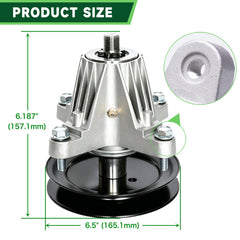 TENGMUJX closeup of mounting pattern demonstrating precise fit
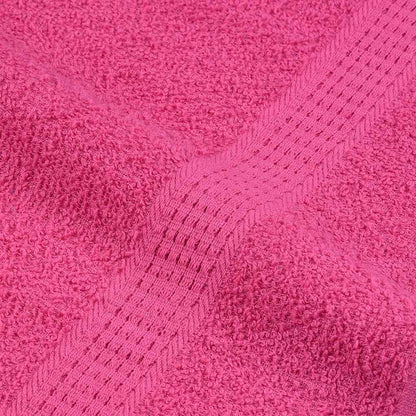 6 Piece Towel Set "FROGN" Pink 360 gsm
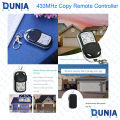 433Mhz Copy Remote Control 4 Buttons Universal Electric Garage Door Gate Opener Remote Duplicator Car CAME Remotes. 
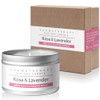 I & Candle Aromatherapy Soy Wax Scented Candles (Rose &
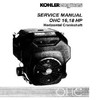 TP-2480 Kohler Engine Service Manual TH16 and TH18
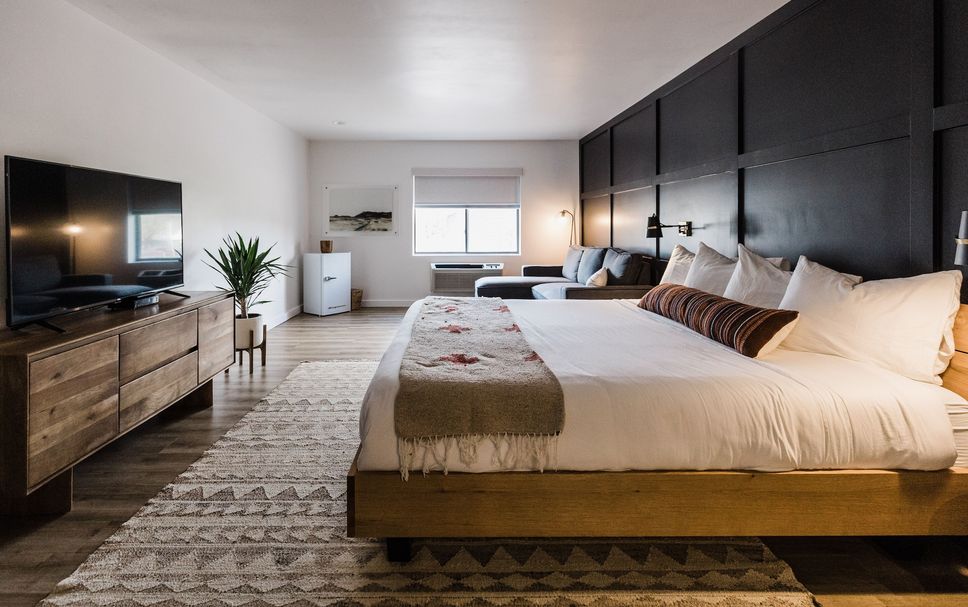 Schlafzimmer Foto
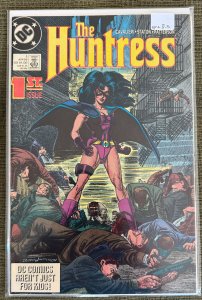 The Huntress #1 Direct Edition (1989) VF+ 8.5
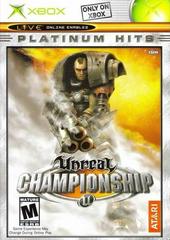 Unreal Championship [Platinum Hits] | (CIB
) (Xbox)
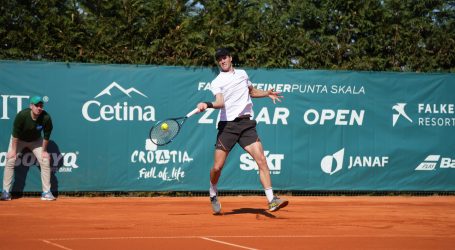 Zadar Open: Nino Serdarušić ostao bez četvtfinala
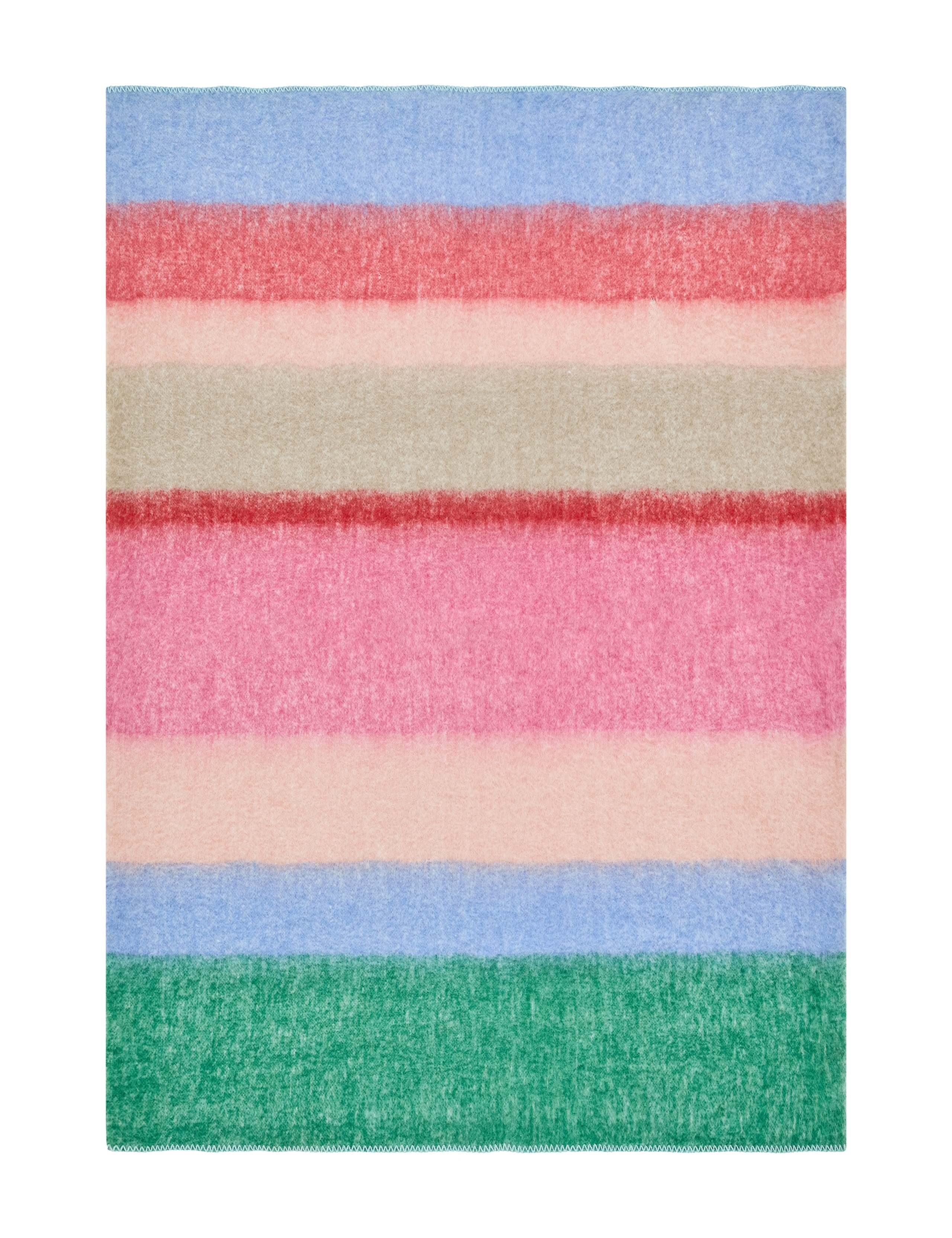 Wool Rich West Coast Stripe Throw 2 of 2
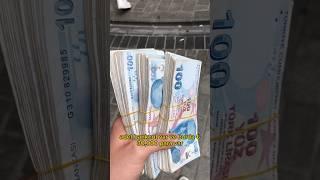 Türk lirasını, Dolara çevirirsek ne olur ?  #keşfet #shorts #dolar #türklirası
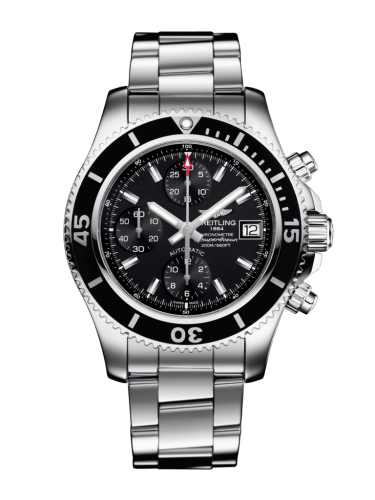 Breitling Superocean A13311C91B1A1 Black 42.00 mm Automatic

Goal of the exercise — Copy verbatim the span that opens at the line with "Schlafzimmer Foto" and closes at the final line of the listing. Do not carry over any pictures.

Written answer —
 Schlafzimmer Foto
 The Huntress #1 Direct Edition (1989) VF+ 8.5
 Unreal Championship [Platinum Hits] | (CIB
) (Xbox)
 Zadar Open: Nino Serdarušić ostao bez četvtfinala
 Wool Rich West Coast Stripe Throw 2 of 2
 Türk lirasını, Dolara çevirirsek ne olur ?  #keşfet #shorts #dolar #türklirası
 Breitling Superocean A13311C91B1A1 Black 42.00 mm Automatic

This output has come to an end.